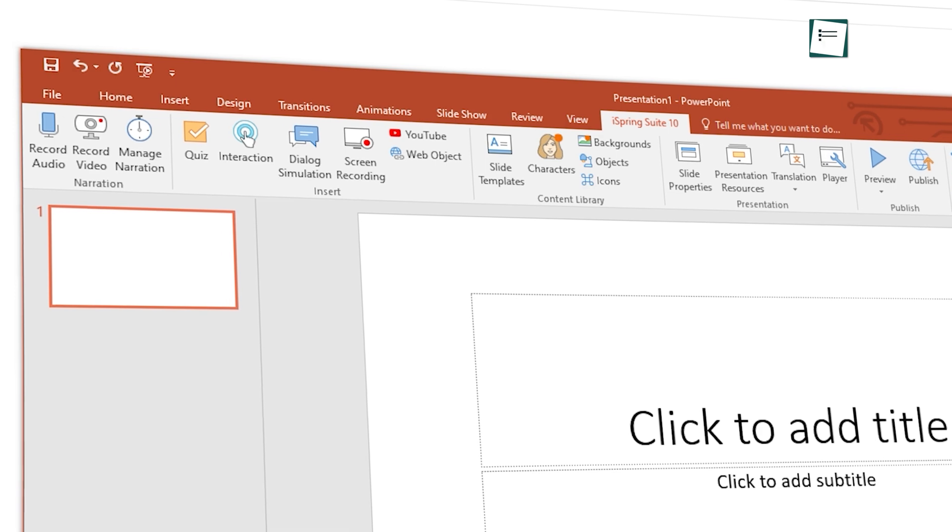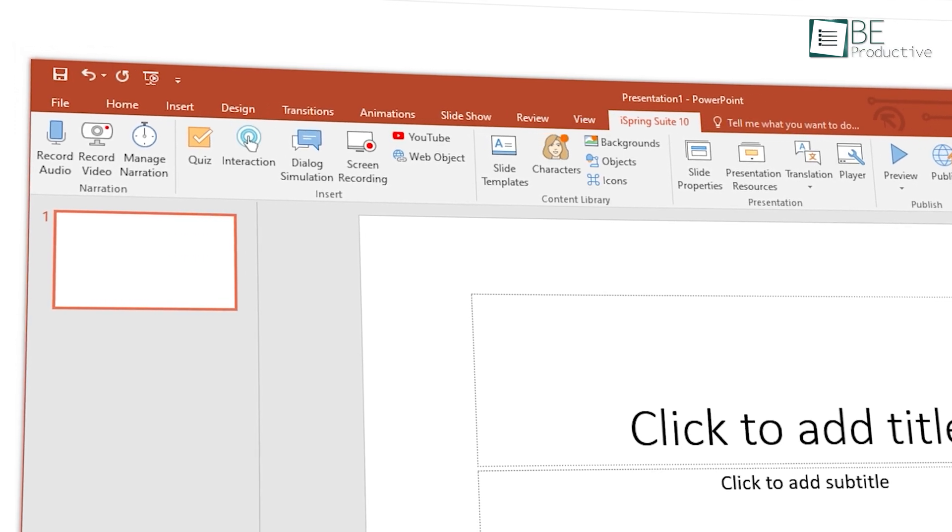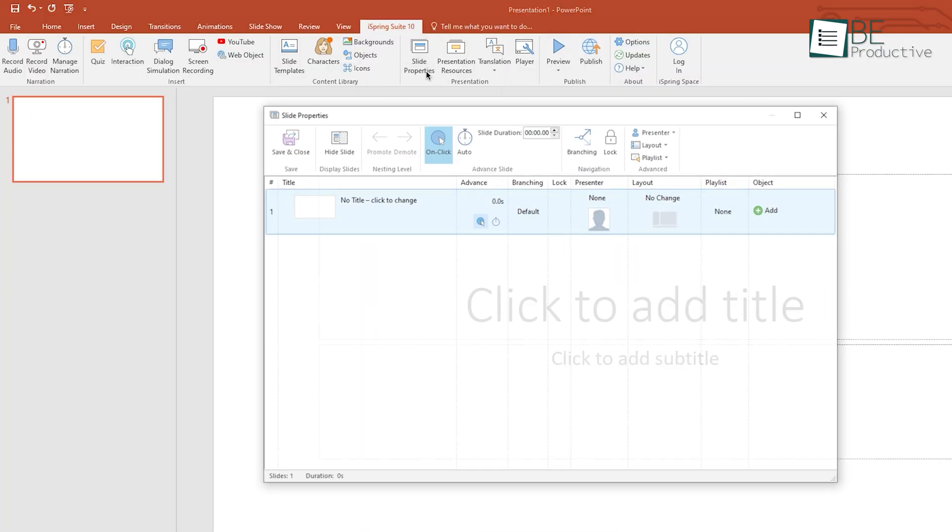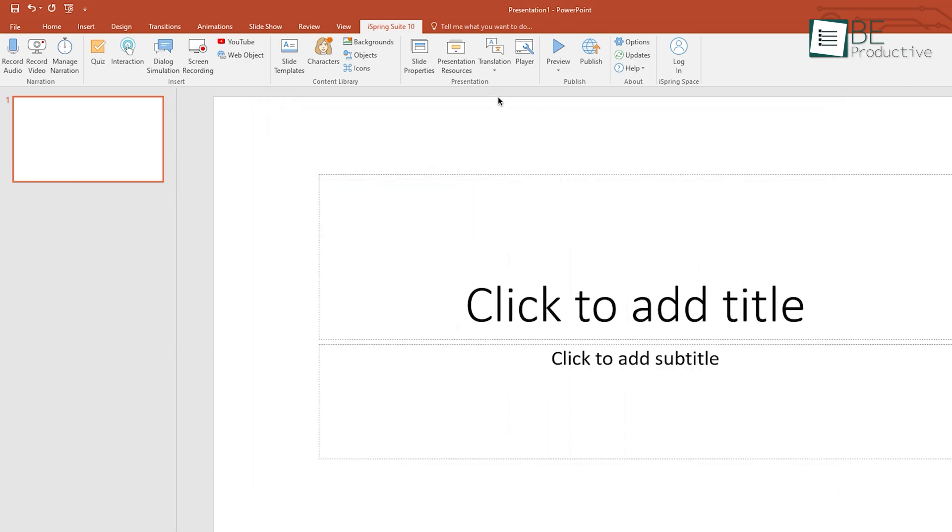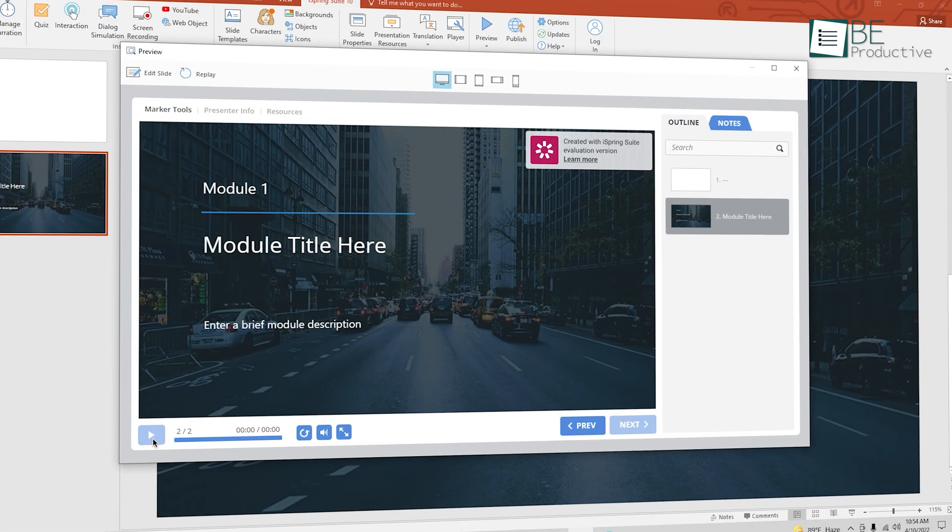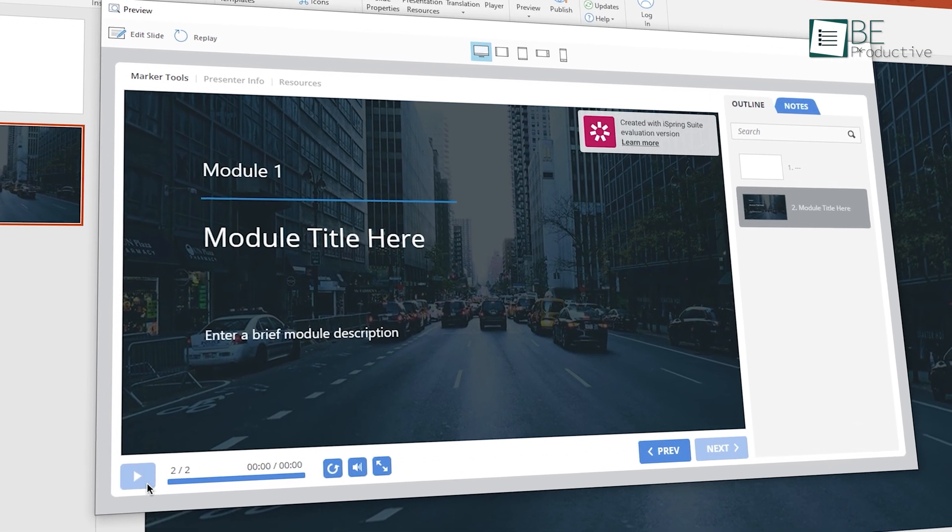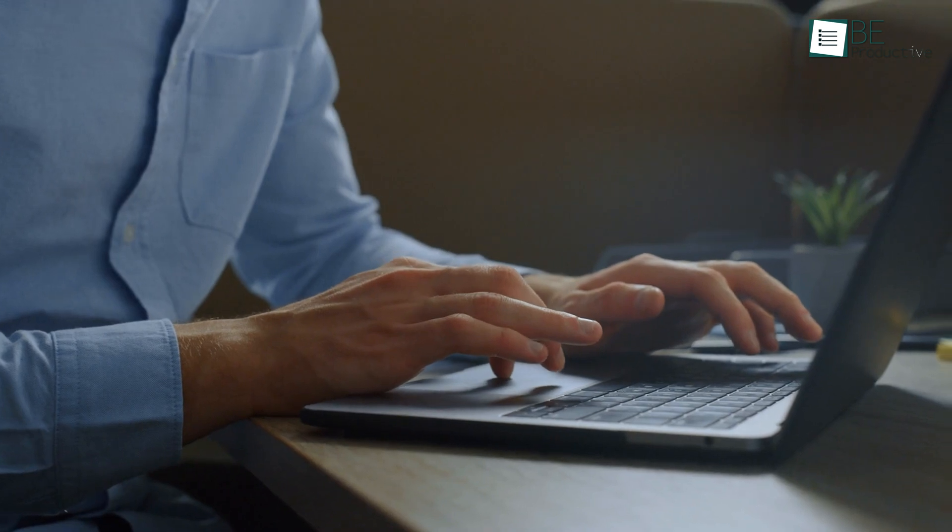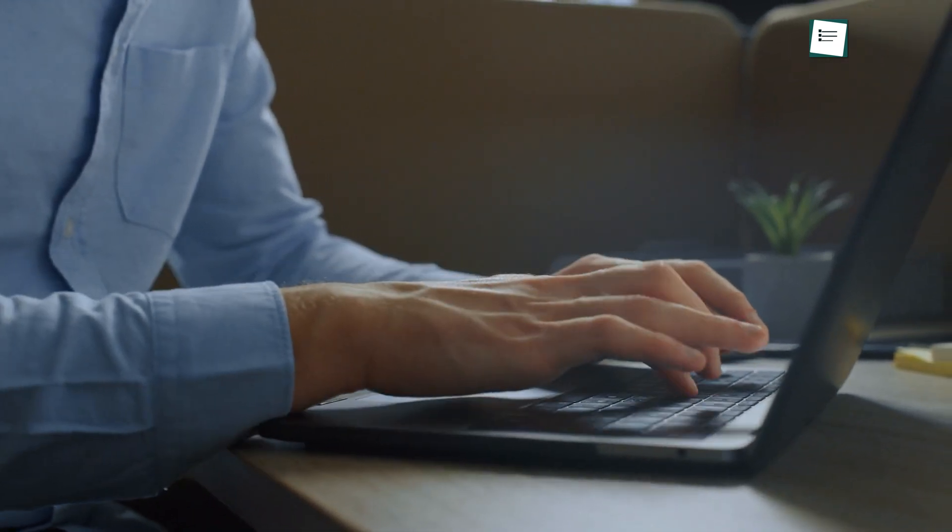As you can see, the iSpring Suite is directly integrated into your PowerPoint, so everything looks extremely familiar. You can easily create and publish a course online, even if you don't have prior e-learning development experience.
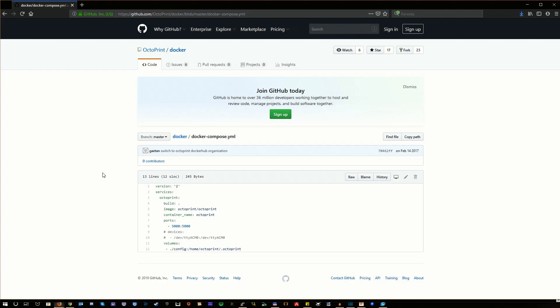As you will see, running Octoprint in docker is pretty simple. In fact, it is so simple that for me the whole thing's most complicated part was to find a cable that physically can reach the printer from my docker host. Anyway, let's get to the details.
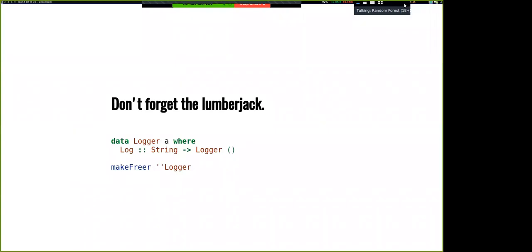Just to be complete: our Log effect has a single constructor Log which takes a String and returns Unit — it's a data type with a lowercase log function that takes a String and returns an Eff of r Unit. Someone asked why we're using a logger returning Maybe rather than having an error effect, and the honest answer is there's absolutely no reason — I just wrote it this way.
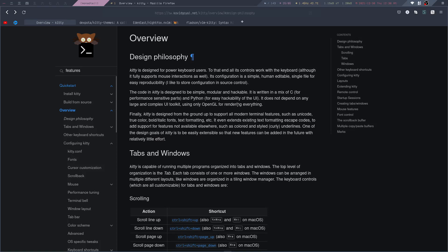In this video, we'll take a look at Kitty, which is a GPU-accelerated terminal emulator, similar to terminals like Alacrity and Westerm.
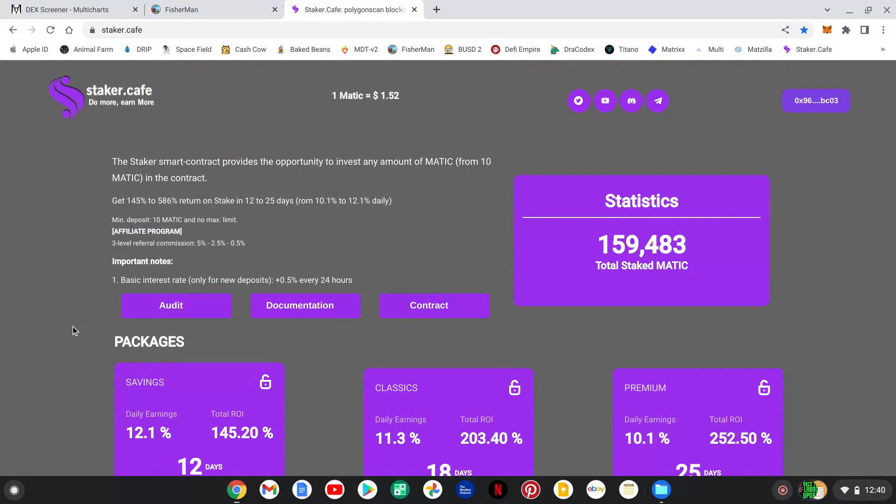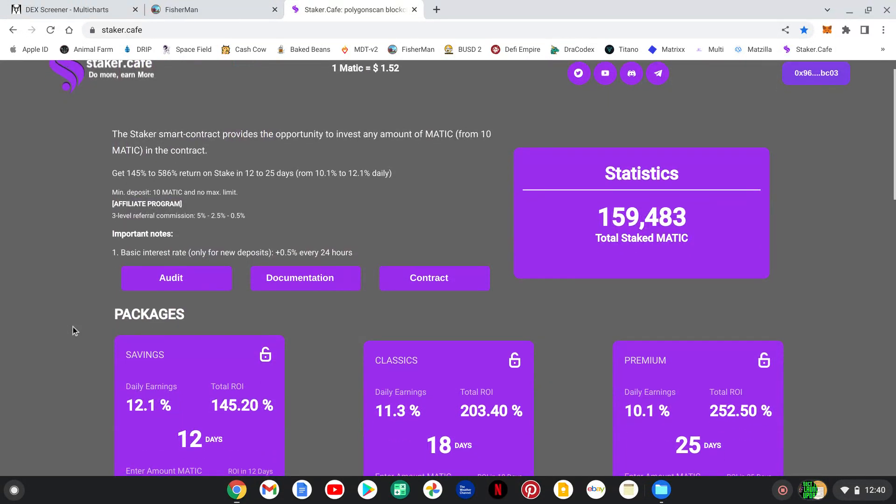The Staker Smart Contract provides the opportunity to invest any amount of Matic from 10 Matic and up into the contract. And again, 12 to 25 days, anywhere from 10.1 to 12.1% daily. You must invest to get in the referral program. Again, 5%, 2.5% and 0.5%. Basic interest rate only for new deposits, 0.5% every 24 hours.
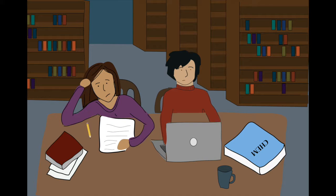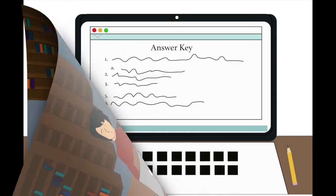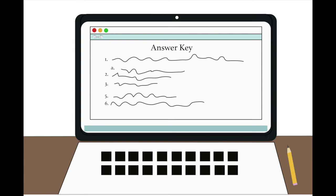Late at night, Alice is working on her problem set in the library with her friend Jared. After working together on the problems, they decide it wouldn't hurt to use the internet for some help and check their answers. Quickly, they stumble upon an online key for all of the questions assigned.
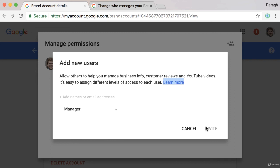So that is how you add owners or managers to a YouTube channel that you've created.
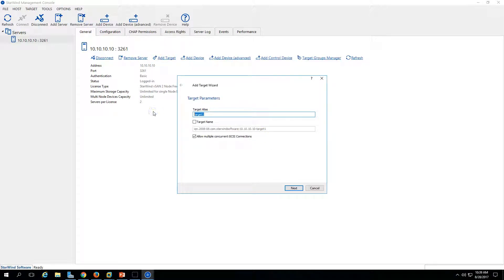I'm going to call it 'VMware target' and set it as iSCSI. Make sure you are allowing multiple concurrent iSCSI connections, because at the same time this target will be accessed by all three ESXi hosts which we have created and deployed. Then click Next.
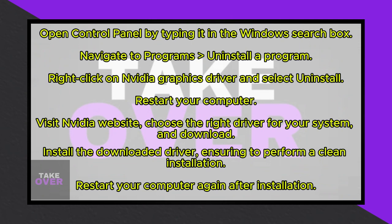Uninstall a program. Look for the NVIDIA graphics driver, right-click on it, and select Uninstall. Confirm the action by clicking Yes and allow the uninstallation process to complete.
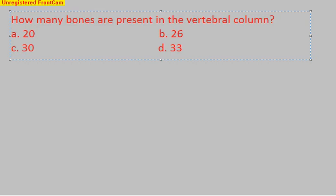The options are: a. 20, b. 26, c. 30, or d. 33. Now pause the video for 15 to 20 seconds, think about the answer, and come back to find whether your answer is correct or not.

## Task objective
Would you please reproduce the entries above, starting at the line with "The Staker Smart" and stopping after the line with "Late at night, Alice"? Omit any pictures.

## Result of this exercise
The Staker Smart Contract provides the opportunity to invest any amount of Matic from 10 Matic and up into the contract. And again, 12 to 25 days, anywhere from 10.1 to 12.1% daily. You must invest to get in the referral program. Again, 5%, 2.5% and 0.5%. Basic interest rate only for new deposits, 0.5% every 24 hours.
Late at night, Alice is working on her problem set in the library with her friend Jared. After working together on the problems, they decide it wouldn't hurt to use the internet for some help and check their answers. Quickly, they stumble upon an online key for all of the questions assigned.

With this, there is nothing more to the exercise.